After compiling a record of votes and comments that easily make him among the most virulently anti-LGBT elected officials in the country, Virginia Attorney Ken Cuccinelli II (R) sought to minimize his record in a gubernatorial debate on Wednesday. But his claims fly in the face of his 11-year political career.
Facing off against Democratic nominee Terry McAuliffe, Cuccinelli attempted to downplay social issues, saying, “Look, I believe — I have some basic beliefs that are fundamental to me. But overwhelming proportion of my time as attorney general has been spent moving Virginia forward economically and protecting liberty and our constitution.” But as attorney general, he has consistently opposed liberty and the constitutional protections for LGBT Virginians, demanding that public colleges and universities rescind non-discrimination policies and making a campaign issue his attempt to revive an anti-sodomy law he refused to bring into compliance with the Supreme Court’s Lawrence v. Texas ruling.
When asked about LGBT issues, McAuliffe reiterated his full support for marriage equality and employment non-discrimination protections. He noted that, as governor, he would sign a marriage equality bill if one got to his desk, which he noted was not currently possible due to the state’s marriage inequality amendment (which Cuccinelli co-sponsored). Cuccinelli wrongly responded: “It actually doesn’t happen in the form of a bill. It’s a constitutional amendment, so it never comes to the governor… it will never come to the desk of a Virginia governor.” While the governor of Virginia does not have any a formal role in the constitutional amendment process, in the event that the state amendment is ruled invalid under the federal constitution, a marriage equality bill could certainly follow.

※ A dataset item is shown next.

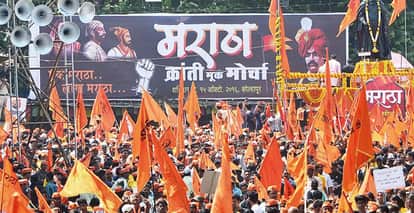 महाराष्ट्र में हिंसक हुआ मराठा आरक्षण आंदोलन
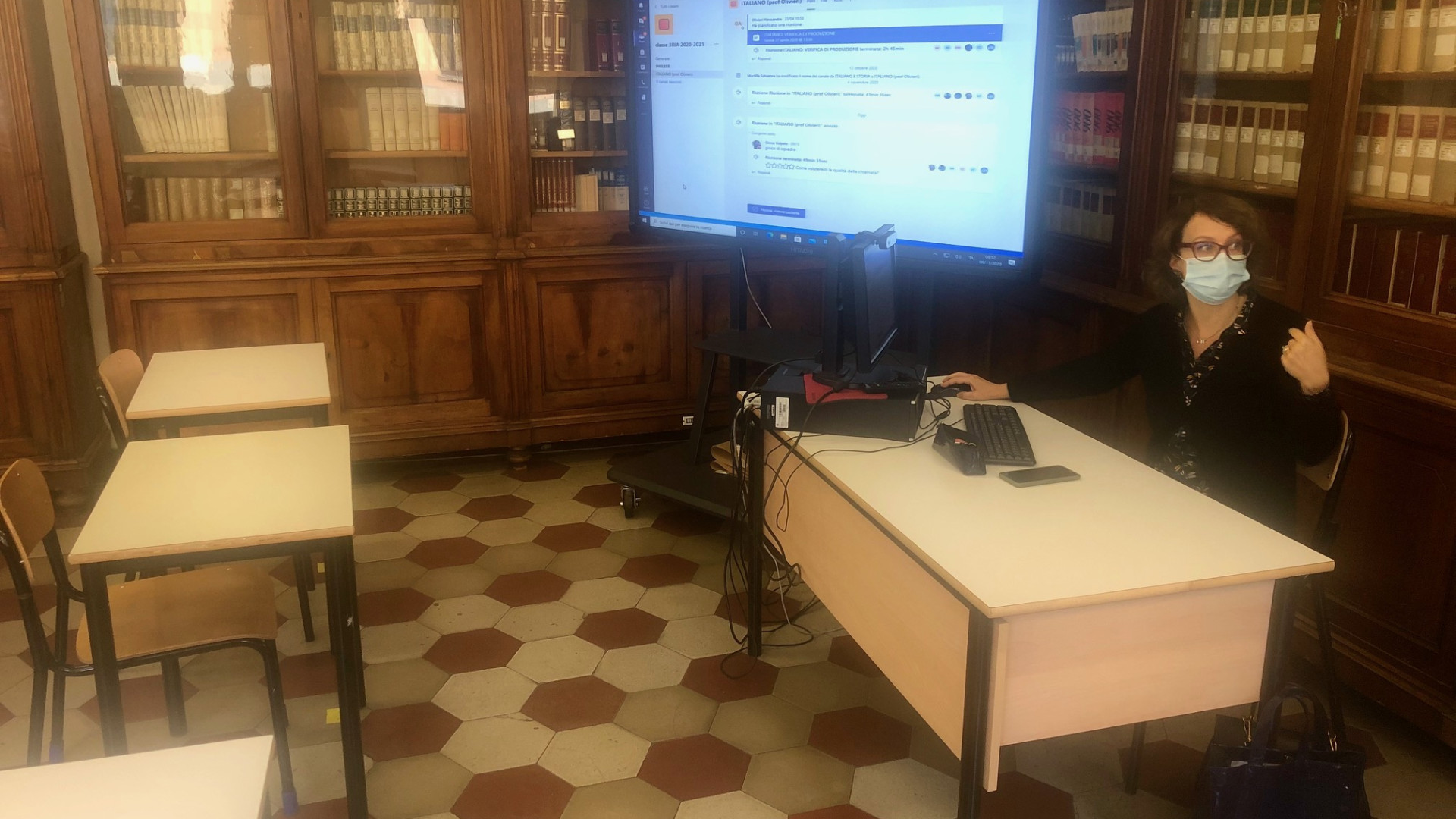 Aule deserte e corridoi vuoti: a scuola solo i prof per la didattica a distanza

Cuccinelli attempted to deny his own prior anti-LGBT comments — even though he had stood by them in his first debate against McAuliffe in July. In both debates, McAuliffe highlighted a 2008 speech Cuccinelli made to the anti-gay Virginia Family Foundation in which he had opined, “When you look at the homosexual agenda, I cannot support something that I believe brings nothing but self-destruction, not only physically but of their soul.”
Asked in the July debate whether he stilled believed LGBT people to be “soulless” and “self-destructive,” Cuccinelli told moderator Judy Woodruff, “My personal beliefs about the personal challenges of homosexuality haven’t changed.” But as McAuliffe on Wednesday again lambasted Cuccinelli for that view — and for jeopardizing the Virginia jobs when his pro-discrimination efforts nearly caused Northrup Grumman to relocate its headquarters — this time, Cuccinelli dissembled. Calling them “personal attacks,” Cuccinelli announced, “The Northrop Grumman charge is false. The soulless comment is offensively false.”

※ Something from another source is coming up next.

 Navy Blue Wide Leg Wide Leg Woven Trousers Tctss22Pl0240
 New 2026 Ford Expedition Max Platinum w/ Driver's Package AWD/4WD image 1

Cuccinelli then warned that McAuliffe might follow the lead of the U.S. Department of Justice, two Governors of California, and the Attorneys General of Illinois, New Mexico, Pennsylvania, and other states in refusing to defend marriage inequality provisions they believe to be in clear violation of the U.S. Constitution:
CUCCINELLI: I would note that my opponent appears poised, based on some of his comments — during the campaign, to not defend our state constitution. Now look, as attorney general, I’ve defended laws whether I like them or not. And as pointed out by a former Democrat attorney general, Tony Troy, a pattern for Terry, though, that’s been emerging is that he seems to think he gets to decide which laws and which parts of the Virginia Constitution that you’re obligated to defend as the Virginia governor.
The oath of office for the governor of Virginia — and the one Cuccinelli took in 2010 as AG — includes a solemn vows first to “support the constitution of the United States” and second to support “the constitution of the Commonwealth of Virginia.” Article VI, Clause 2 of the United States Constitution makes clear that the federal constitution takes precedence over state constitutions — so when the two are in conflict, it is absolutely up to the governor and attorney general to make that decision.

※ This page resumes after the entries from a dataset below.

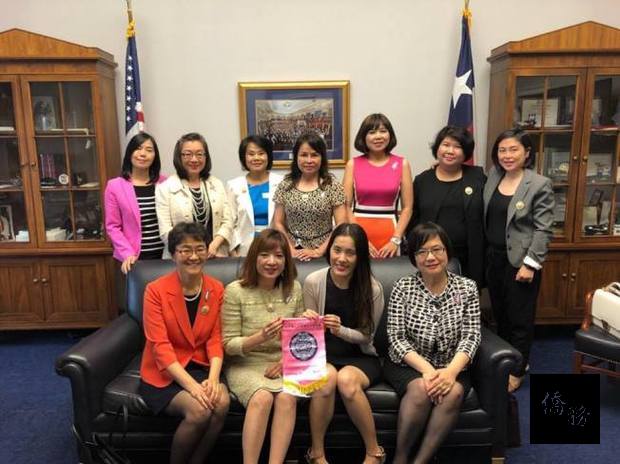 世界華人婦女工商企管協會總會長黎淑瑛(前排左二)訪問國會山莊德州眾議員葛林(Al Greene)辦公室。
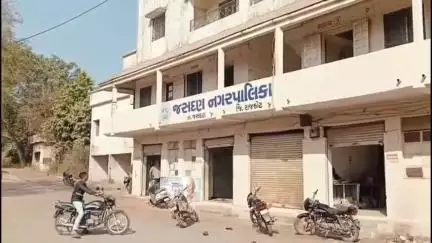 જસદણ: જસદણ નગરપાલિકા વિસ્તારમાં બિનકાયદેસર બિલ્ડીંગો ખડકી દેવામાં આવતા બાંધકામ સમિતિના ચેરમેન સોનલબેન વસાણીની લેખિતમાં રજૂઆત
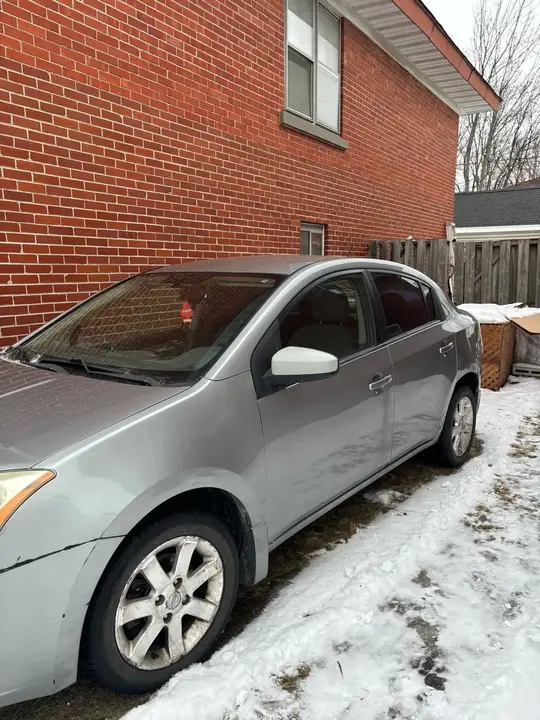 Nissan Sentra 2009 photo 2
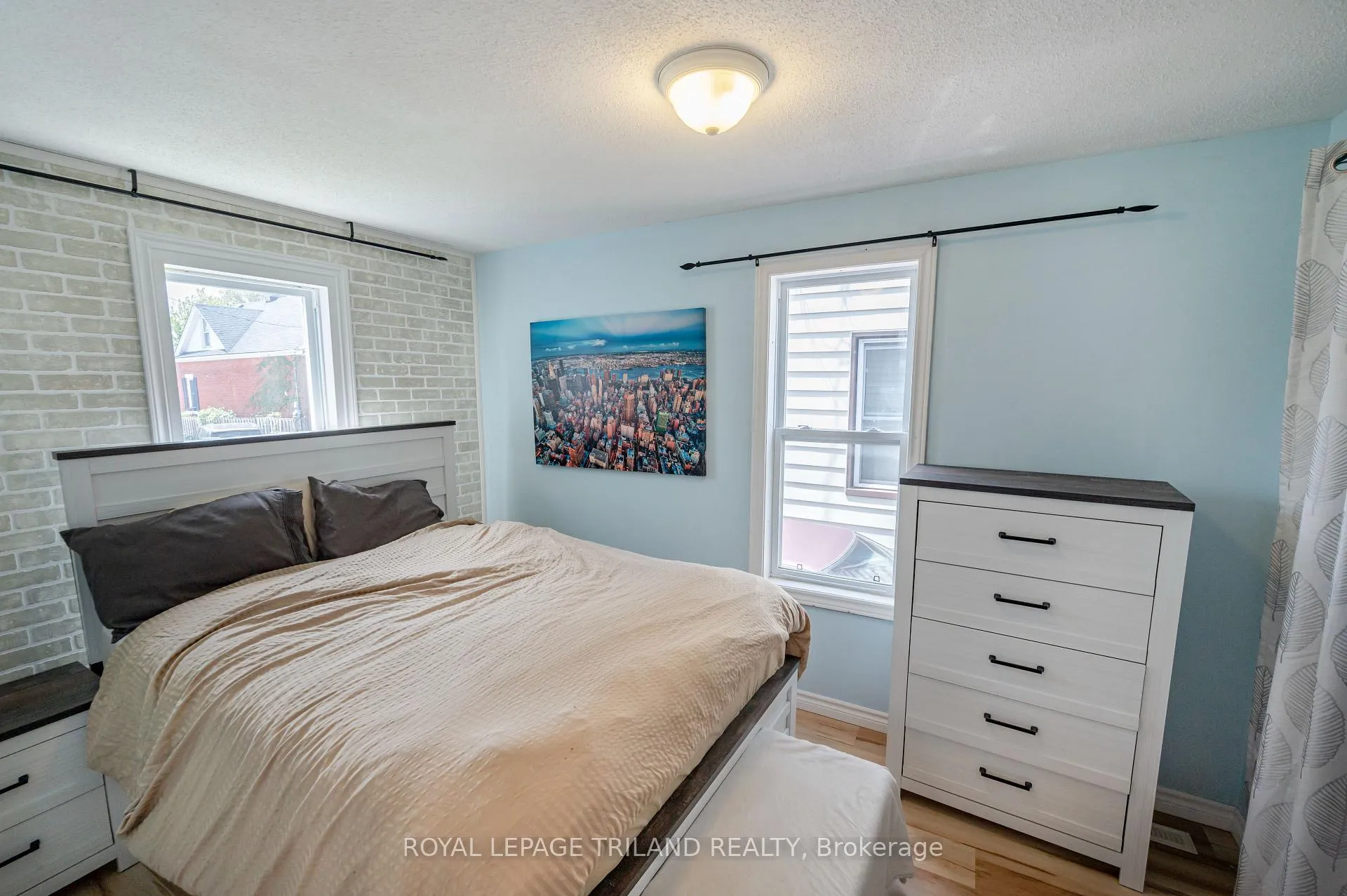 Photo 8 of 17 Trafalgar Street, St. Thomas — HOMEH
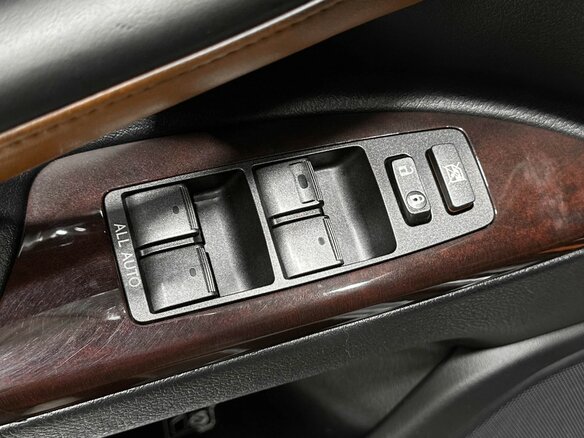 2012 Lexus LX 570 III Рестайлинг, белый, 4190000 рублей - вид 15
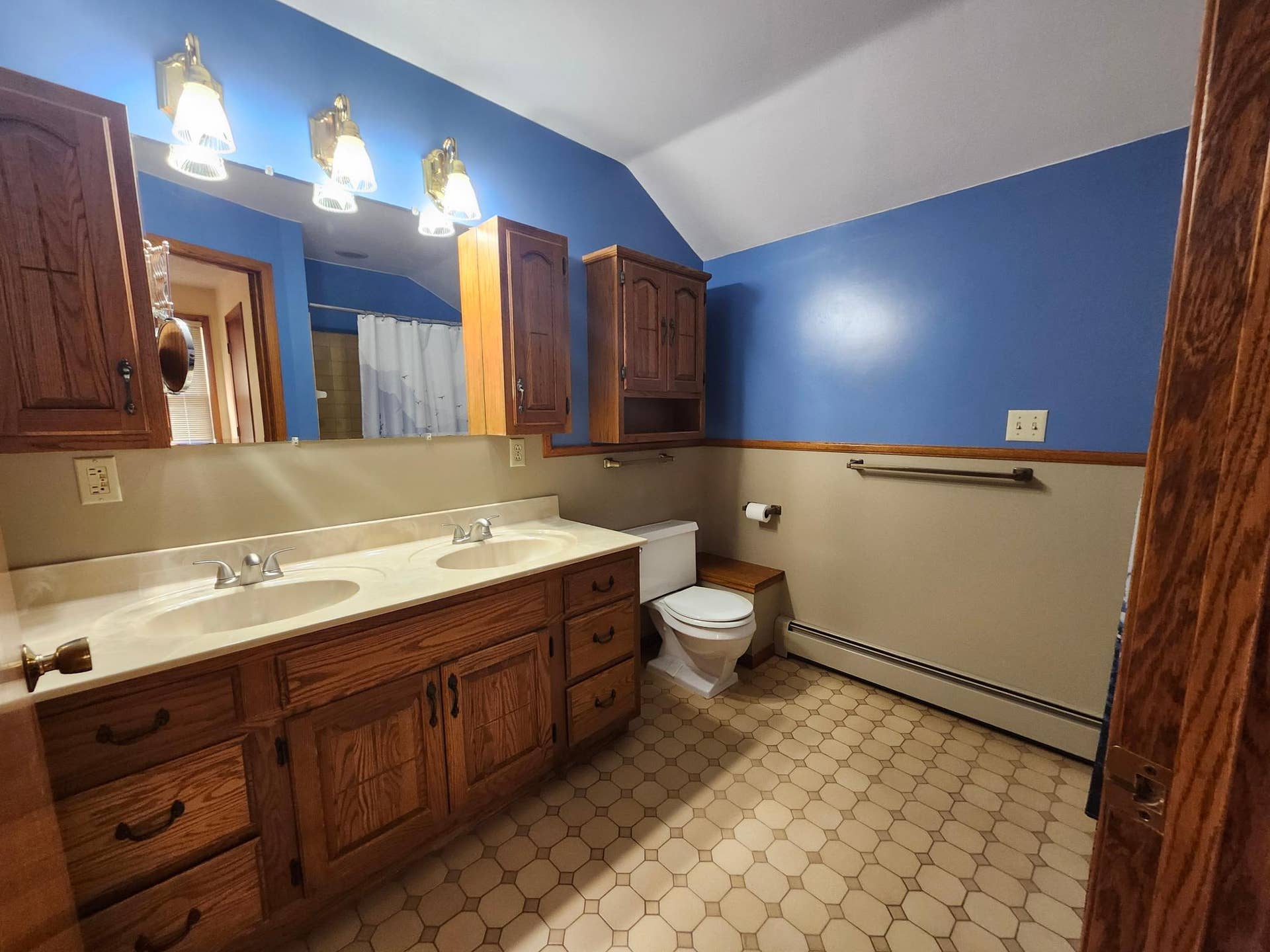 690 Ohio Street, 104, Saint Paul, MN 55107 Full Upper Level Bath.jpg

Moreover, Cuccinelli himself has refused to defend laws that he deems unconstitutional. Indeed earlier this month, his spokesman noted, “If the attorney general’s analysis shows that a law is unconstitutional, he has a legal obligation to not defend it.” Indeed in 2009, Cuccinelli himself said in a debate, “I will not defend what I, in my judgment, deem to be an unconstitutional law.” “If I determine it not to be constitutional,” he explained then, “I will not defend it. My first obligation is to the Constitution and the people of Virginia.”